St Marys church (Hailsham East Sussex)
The Domesday book records that William holds 2 hides from the Count of Mortain, that the land supports 6 ploughs, and 5 villeins. There were also 17 salt workings nearby. This area was badly affected by the Norman invasion, and was valued at 125 shillings before 1066 and 50 after.

In 1252, Henry III granted the right to hold a market. Some of the tolls taken during the Hundred Years War with France were used to pay for the garrison at Pevensey. This market continued until 1639, when it was discontinued, but re-started in the late 1700's. The market changed its focus to livestock and it is known that welsh farmers brought their cattle for selling at Hailsham.

The numbers of livestock in Hailsham together with the number of local oak trees(tannin from the bark is used in the process) provided tanners and leather workers with a great deal of wealth The population increased to the 300 mark by the mid 1600's but increased significantly from about 1000 in the early 1800's to 3500 by the 1890's. This was mostly due to the manufacture of rope which was started in 1780 by Thomas Burfield . The term rope walk comes from the spinning process used in rope manufacture, where by Spinners would walk down a straight path letting out hemp, which was spun by wheelboys turning a wheel.

In 1803 Hailsham Barracks were built to quarter troops intended to man the Martello towers which defend the Pevensey area from Napoleon.
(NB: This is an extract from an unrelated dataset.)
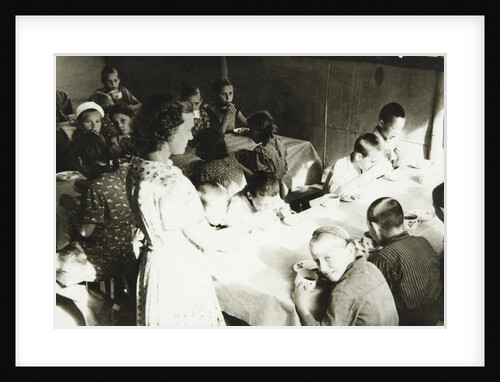 A Young Pioneers camp canteen, USSR, 1930s by Unknown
The Barracks were closed after the defeat of Napoleon at Waterloo in 1815.

During the 1800's a wide range of rope related goods were manufactured in the vicinity, including Hop Pockets for the brewing industry, cloths, twine, mill sails and whip cord, and ropes for the navy.

One example of the work of Jonathan Harmer of Heathfield can be found in the churchyard, a large stone chest type grave with a terracotta plaque attached. This example of his craft comes from the early 1800's.

In 1849 a branch train line was built from Polegate to Hailsham, then extended on to Eridge via Heathfield in the 1880's, and was known as the Cuckoo Line from the legend . The line was closed in 1965, and is now the Cuckoo Trail , a footpath and bridleway running from Polegate to Heathfield .

Hailsham also used to produce Sussex Trugs, now only manufactured at nearby Herstmonceux .


Hailsham is one of those small towns with a wide range of shops, and is the centre for many villages surrounding.

The High Street is the main shopping area, with the precincts of Vicarage Field, and Quintins providing additional shops attached to the High Street.

Hailsham has its own Leisure Centre, the Lagoon with a swimming pool, and other facilities.

Major supermarkets are to be found in Eastbourne about 5 miles south. The nearest trains run from Westham to Hastings and Brighton .


The High Street has a natural charm, and if you walk down from the northern part of the town, the church, especially on a bright sunny day stands out in front of you.

If you carry on into the churchyard, carry on through, and turn left, then walk down Marshfoot Lane, you can see many views across the Pevensey Levels.